* [Exercise description]: Look through the entries below for the line with "1408 Brickell Bay Dr Unit: 807" and the line with "横田ハウス 1階3DKのリビング/ダイニング", then give again exactly those two lines and all lines between them, minus the pictures.

* [Available records]:
____

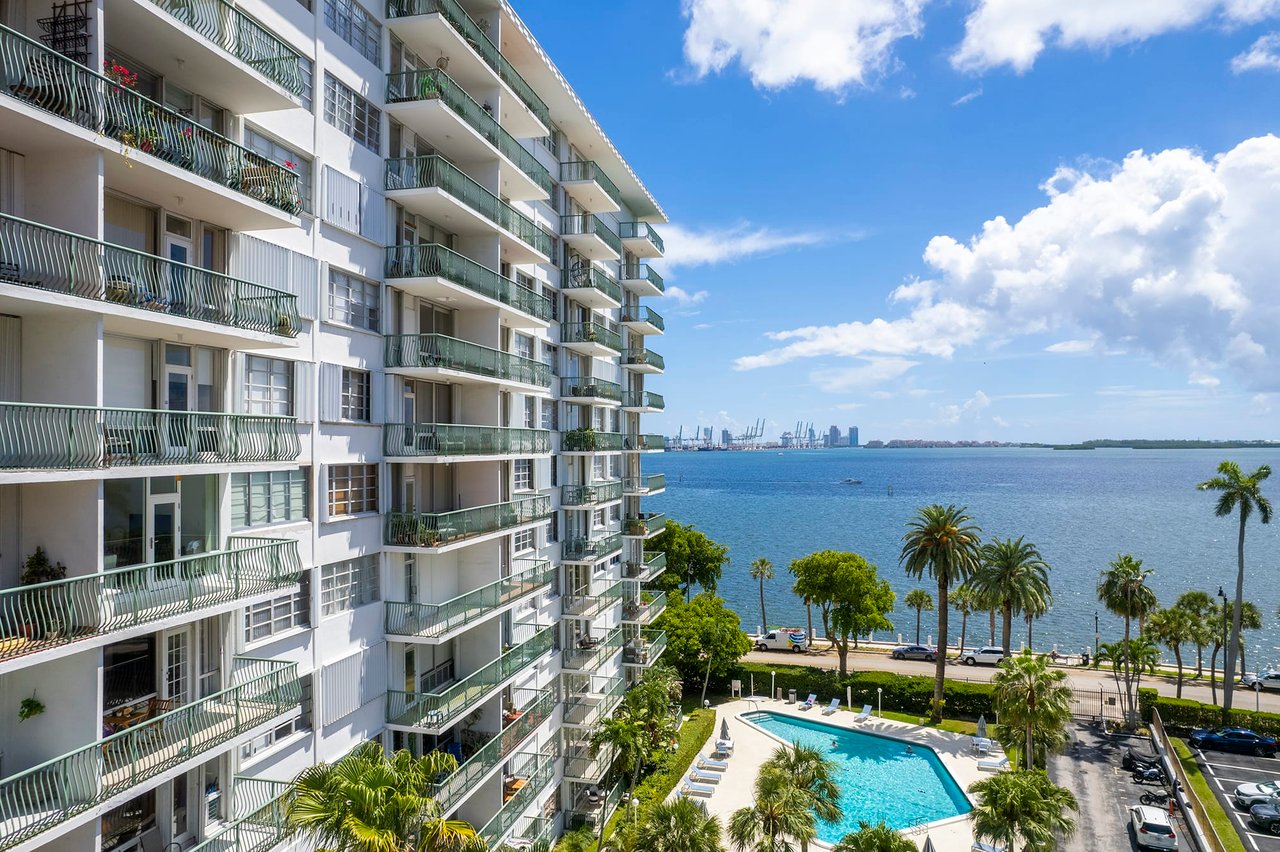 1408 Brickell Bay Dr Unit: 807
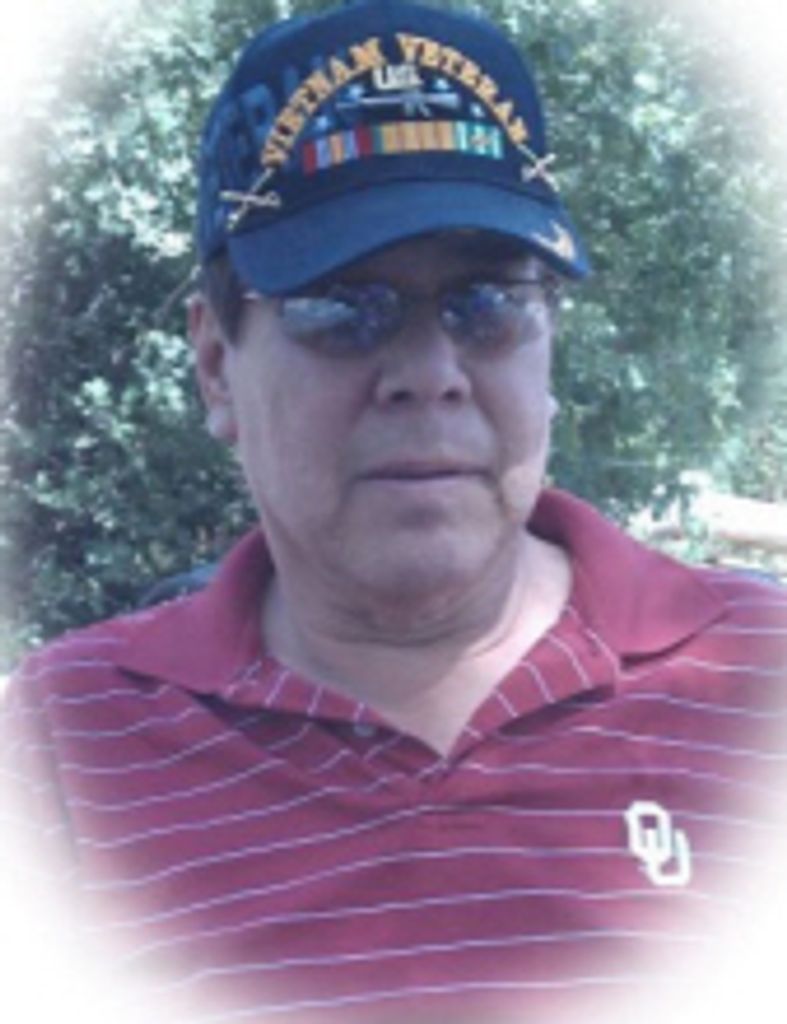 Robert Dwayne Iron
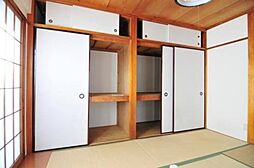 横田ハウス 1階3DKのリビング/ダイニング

____

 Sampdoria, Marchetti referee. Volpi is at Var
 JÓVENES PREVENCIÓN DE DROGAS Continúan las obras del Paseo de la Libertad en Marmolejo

____

* [Answer space]:
 1408 Brickell Bay Dr Unit: 807
 Robert Dwayne Iron
 横田ハウス 1階3DKのリビング/ダイニング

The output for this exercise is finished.